Produziert wurde das Album von Robin Völkert, „ein Tontechniker und Multi-Instrumentalist der nicht nur jedes Instrument unglaublich gut spielen kann, sondern die auch alle zuhause hat“, wie Dagobert mir mitteilt.

Während das Weglassen von jeglichem Schlagwerk erstmal ungewöhnlich wirkt, macht es für den Singer-Songwriter komplett Sinn: „Alle Songs, die ich schreibe, haben zu Beginn keine Beats. Das kommt dann mehr am Schluss. Bei der Songauswahl dachte ich, ich bleibe einfach dabei. Ich mache überhaupt keinen Rhythmus rein. Dafür soll es organisch klingen und nicht so programmiert, wie sonst immer alles von mir“.

Musik und Poesie

Ob ihm die musikalische oder die poetische Seite seiner Songs bedeutsamer ist, beantwortet Dagobert wie aus der Pistole geschossen (lustig, weil Dagobert in seinen Musikvideos, wie auch auf seinem Instagramkanal immer wieder mit Jagd-Gewehren zu sehen ist).
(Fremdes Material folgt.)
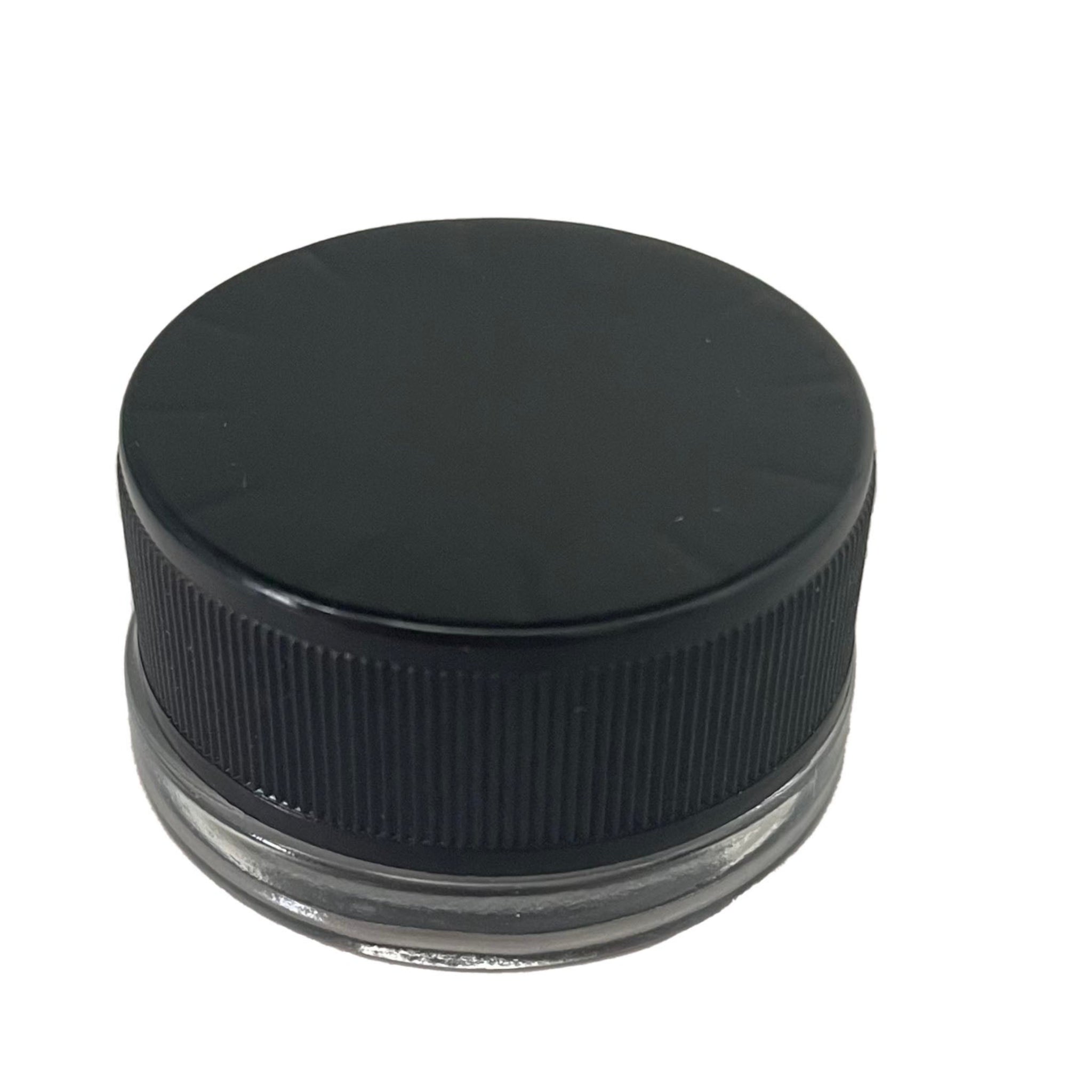 7 ml Child Proof Clear Jar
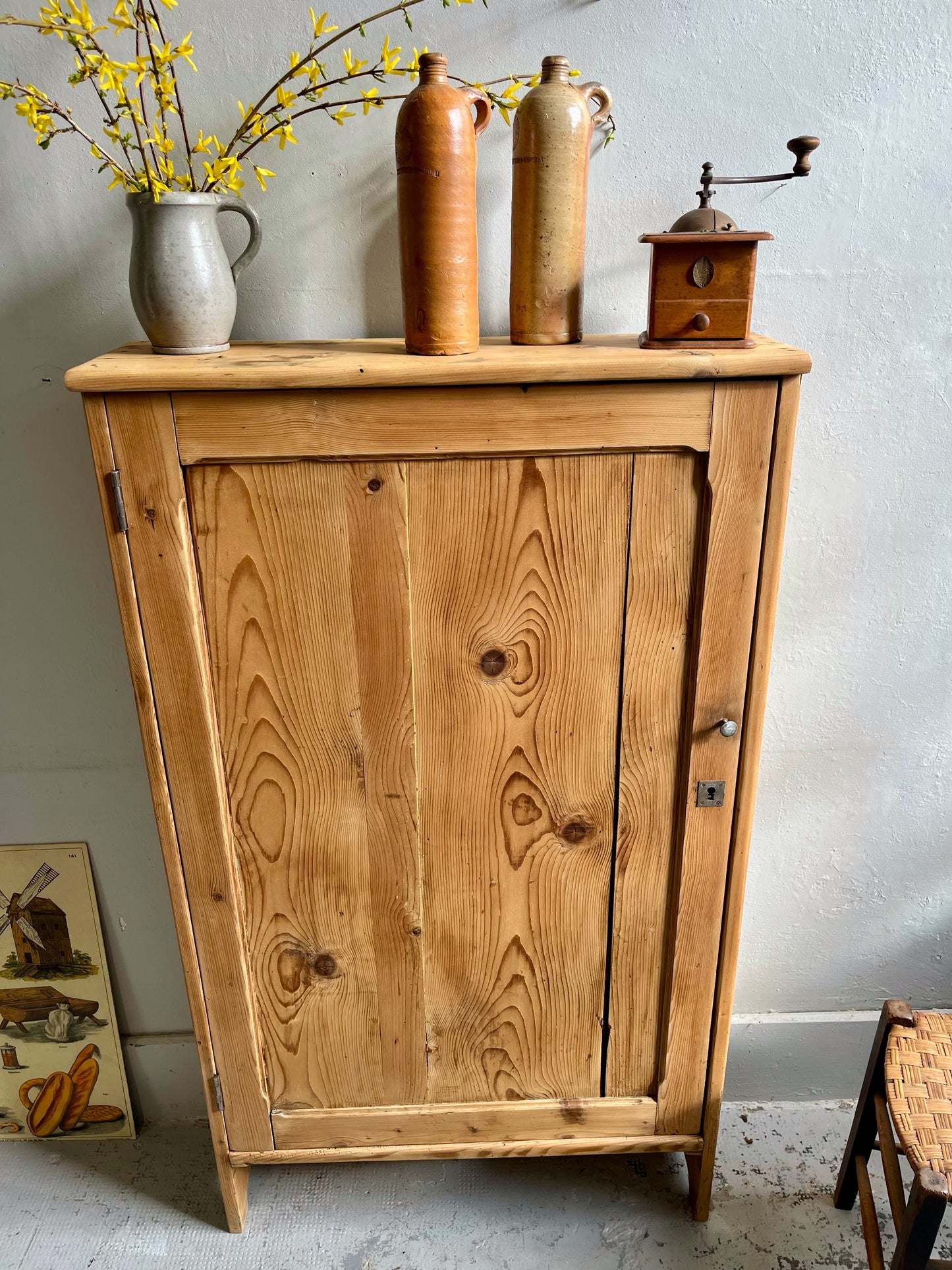 Armoire d’atelier vintage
„Ich mach immer erst mal die Musik komplett fertig, das ist mir viel wichtiger.  Und wenn das erledigt ist, dann ist auch das Grundgefühl zu hundert Prozent da. Dann muss ich nur noch Texte finden, die nicht scheiße sind oder nerven. Die man tausend Mal singen kann und es ist immer noch okay. Aber inhaltlich habe ich nicht unbedingt eine Botschaft, die ich vermitteln will. Niemals. Ich brauche halt irgendwas, was ich singen kann. Also ich singe auch gerne und Worte sind schon auch schön. Aber es kommt immer erst an zweiter Stelle.“

In diesem Zuge erzählt Dagobert auch von den Ambient-Alben, die er unter dem Namen „Fang“ veröffentlicht. Allein 2023 sind es bereits neun Alben, das letzte trug den Namen „Wie es sich anfühlt Dagobert zu sein“. Demütig fügt er noch hinzu „Also ich mein das hört kein Mensch. Das musst du dir auch nicht antun“. (Kleine Notiz am Rande: Falls ihr auf Ambient steht, tut es euch mal an. Es lohnt sich!)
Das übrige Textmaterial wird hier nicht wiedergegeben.